I would recommend to visit http://rpubs.com/vikassinha167/530654 before reading below article.
After you have read above mentioned article, we will explore classic “Titanic” case.
#Uncomment below lines of code if the packages are not installed
# install.packages("tidyverse")
# install.packages("Hmisc")
# install.packages("funModeling")
# Load the libraries
library(Hmisc)
library(funModeling)
library(tidyverse)
Let us check the structure of dataset Titanic using two methods
str(Titanic)
## 'table' num [1:4, 1:2, 1:2, 1:2] 0 0 35 0 0 0 17 0 118 154 ...

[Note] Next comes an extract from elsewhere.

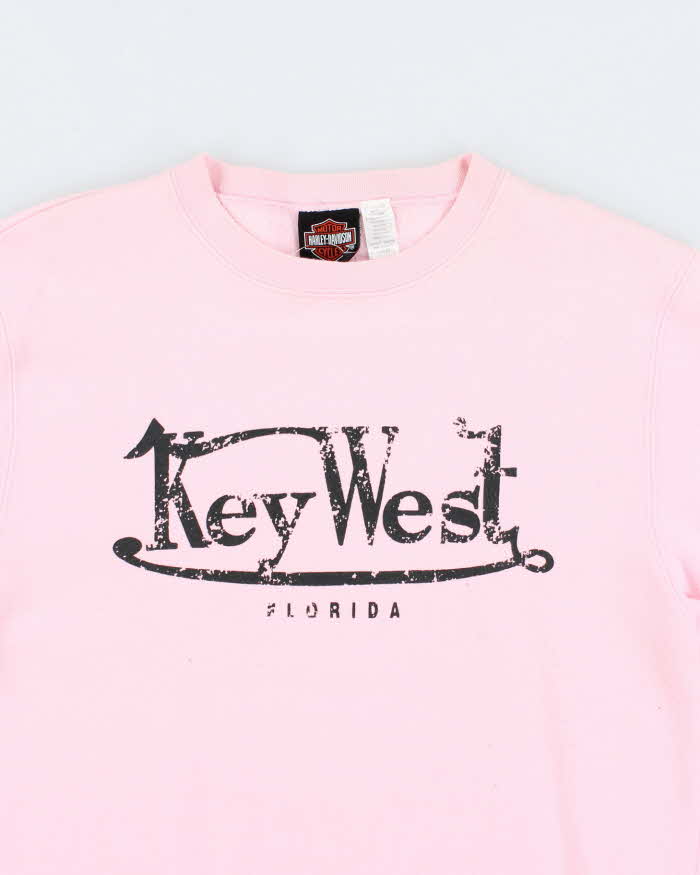 Vintage Y2k 00s Harley Davidson Key West Pink Sweatshirt - L
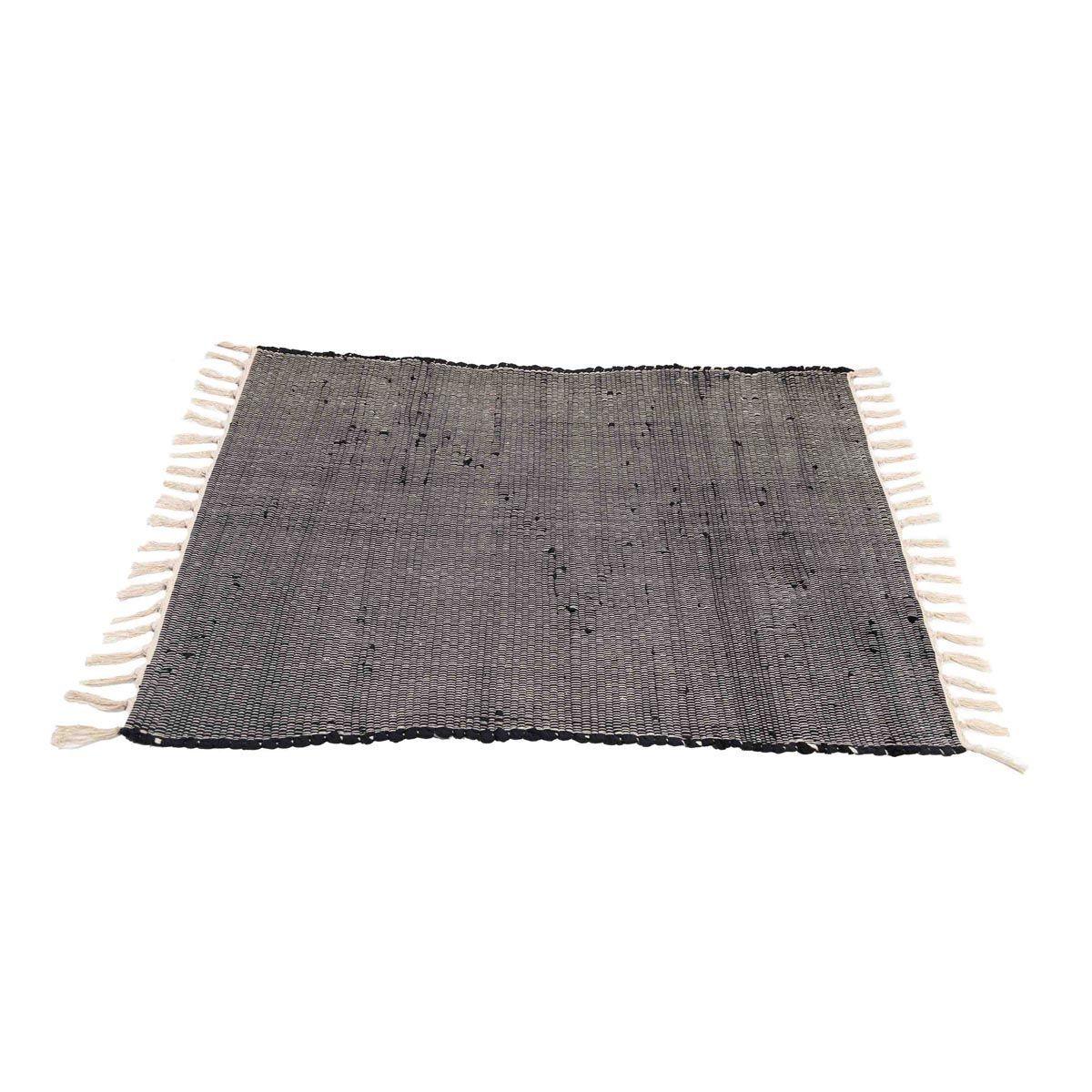 Bajada de cama Samarinda de yute y algodón negra 60x90cm-4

## - attr(*, "dimnames")=List of 4
## ..$ Class : chr [1:4] "1st" "2nd" "3rd" "Crew"
## ..$ Sex : chr [1:2] "Male" "Female"
## ..$ Age : chr [1:2] "Child" "Adult"
## ..$ Survived: chr [1:2] "No" "Yes"
glimpse(Titanic)
## 'table' num [1:4, 1:2, 1:2, 1:2] 0 0 35 0 0 0 17 0 118 154 ...
## - attr(*, "dimnames")=List of 4
## ..$ Class : chr [1:4] "1st" "2nd" "3rd" "Crew"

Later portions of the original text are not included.